Пять лет назад, и сейчас снова ловлю себя на мысли, что при прочтении «Ясны очи» не делаешь сногсшибательных открытий, хотя и не известные ранее грани тоже приоткроешь. И при повторном чтении целостность восприятия остается почти такой же, как и при первом. В чем загадка? Ведь на дворе черт знает что творится, рухнуло многое из того, чем жили нынешние «сорокалетние» и, надо полагать, дорожили, а, читая А.Цыганова, как-то забываешь о плохом снова и снова попадая в атмосферу добра и сострадания, может быть, самых необходимых нам сегодня. Стоит ли лишать себя человеческого участия, сердечной доброты, семейного тепла, даже и не по своей вине? Вот Александр Цыганов убежден, что делать этого не стоит, ибо душа заболевает. Бесчувствие и страх рождает ненависть, доброта рождает только добро! Этот нравственный закон накрепко усвоен вологодским прозаиком.

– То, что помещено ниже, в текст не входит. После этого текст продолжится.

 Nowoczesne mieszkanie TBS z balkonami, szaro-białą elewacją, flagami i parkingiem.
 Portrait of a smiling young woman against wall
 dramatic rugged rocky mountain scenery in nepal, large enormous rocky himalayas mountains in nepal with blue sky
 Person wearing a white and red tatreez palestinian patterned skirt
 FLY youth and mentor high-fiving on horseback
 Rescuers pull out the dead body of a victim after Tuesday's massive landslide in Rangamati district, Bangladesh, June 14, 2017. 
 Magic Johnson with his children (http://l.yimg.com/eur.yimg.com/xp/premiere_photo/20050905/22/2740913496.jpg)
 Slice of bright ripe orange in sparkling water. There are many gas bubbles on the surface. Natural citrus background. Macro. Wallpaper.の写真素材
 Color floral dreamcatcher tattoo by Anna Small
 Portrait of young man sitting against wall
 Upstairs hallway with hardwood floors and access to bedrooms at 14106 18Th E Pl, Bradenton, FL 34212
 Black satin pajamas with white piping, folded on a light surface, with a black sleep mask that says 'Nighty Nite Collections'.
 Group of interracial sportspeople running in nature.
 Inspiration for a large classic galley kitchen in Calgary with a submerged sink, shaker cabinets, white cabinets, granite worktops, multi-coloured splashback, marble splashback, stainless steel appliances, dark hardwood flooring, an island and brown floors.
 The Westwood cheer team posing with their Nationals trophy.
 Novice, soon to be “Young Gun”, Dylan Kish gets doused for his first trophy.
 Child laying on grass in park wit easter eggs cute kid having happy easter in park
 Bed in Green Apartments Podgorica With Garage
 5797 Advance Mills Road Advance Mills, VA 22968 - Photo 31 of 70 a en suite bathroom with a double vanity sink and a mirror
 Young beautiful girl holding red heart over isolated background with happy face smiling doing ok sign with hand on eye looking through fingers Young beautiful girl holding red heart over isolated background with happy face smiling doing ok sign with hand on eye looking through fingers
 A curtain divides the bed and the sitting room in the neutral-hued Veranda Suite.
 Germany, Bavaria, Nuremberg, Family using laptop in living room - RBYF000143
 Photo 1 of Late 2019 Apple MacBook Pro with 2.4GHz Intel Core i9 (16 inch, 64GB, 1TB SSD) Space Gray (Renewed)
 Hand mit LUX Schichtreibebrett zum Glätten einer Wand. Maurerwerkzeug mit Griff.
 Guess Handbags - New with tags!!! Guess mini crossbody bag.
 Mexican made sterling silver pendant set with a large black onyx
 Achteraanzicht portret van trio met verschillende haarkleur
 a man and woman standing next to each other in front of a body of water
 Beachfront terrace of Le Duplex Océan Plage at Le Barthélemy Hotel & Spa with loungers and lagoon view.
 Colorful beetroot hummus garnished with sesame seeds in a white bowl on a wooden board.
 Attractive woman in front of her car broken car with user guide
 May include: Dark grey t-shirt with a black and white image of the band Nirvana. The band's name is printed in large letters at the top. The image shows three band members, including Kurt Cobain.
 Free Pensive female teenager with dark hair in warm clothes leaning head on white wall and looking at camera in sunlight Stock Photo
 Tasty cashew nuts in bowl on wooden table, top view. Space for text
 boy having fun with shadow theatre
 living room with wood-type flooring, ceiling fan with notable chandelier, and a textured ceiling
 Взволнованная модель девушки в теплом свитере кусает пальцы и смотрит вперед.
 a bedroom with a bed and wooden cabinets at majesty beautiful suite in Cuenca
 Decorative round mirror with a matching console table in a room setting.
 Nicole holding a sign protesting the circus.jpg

Интересно посмотреть и за творческой эволюцией А.Цыганова. Вспомним, с чего он начинал? Лучшие из первых рассказов попали в разбираемую книгу. Можно сразу увидеть, что автор не стремился населить их множеством персонажей. Три, четыре, больше — редко. Не пытается писатель, и водить нас по белу свету, всячески заманивая в места знакомые, родные. В его первых произведениях много описательности, даже созерцательности. Это А.Цыганову было нужно тогда. Он пытался закрепить в себе, как на фотопленке перед проявлением, что-то очень дорогое и близкое, будь то деревенское детство, солдатская служба или зеленое студенчество. Мне думается, именно тогда могло сложиться впечатление (о чем вспоминает Сергей Есин в послесловии к «Ясны очи», приводя мнение довольно известного литературного авторитета «о некотором несовершенстве писательской оптики у А.Цыганова), что вологодский прозаик не будет уж столь дерзким в постижении жизни, а ограничится вполне знакомым материалом. Опасения эти не подтвердились. Последние работы говорят о том, что писатель довольно далеко ушел от себя первоначального, все смелее вскрывая пласты жизни, ранее ему неведомые. Впрочем, это не означает, что он изменил себе или родной земле. Просто на место созерцательности пришли мудрость и понимание своей роли в окружающем мире.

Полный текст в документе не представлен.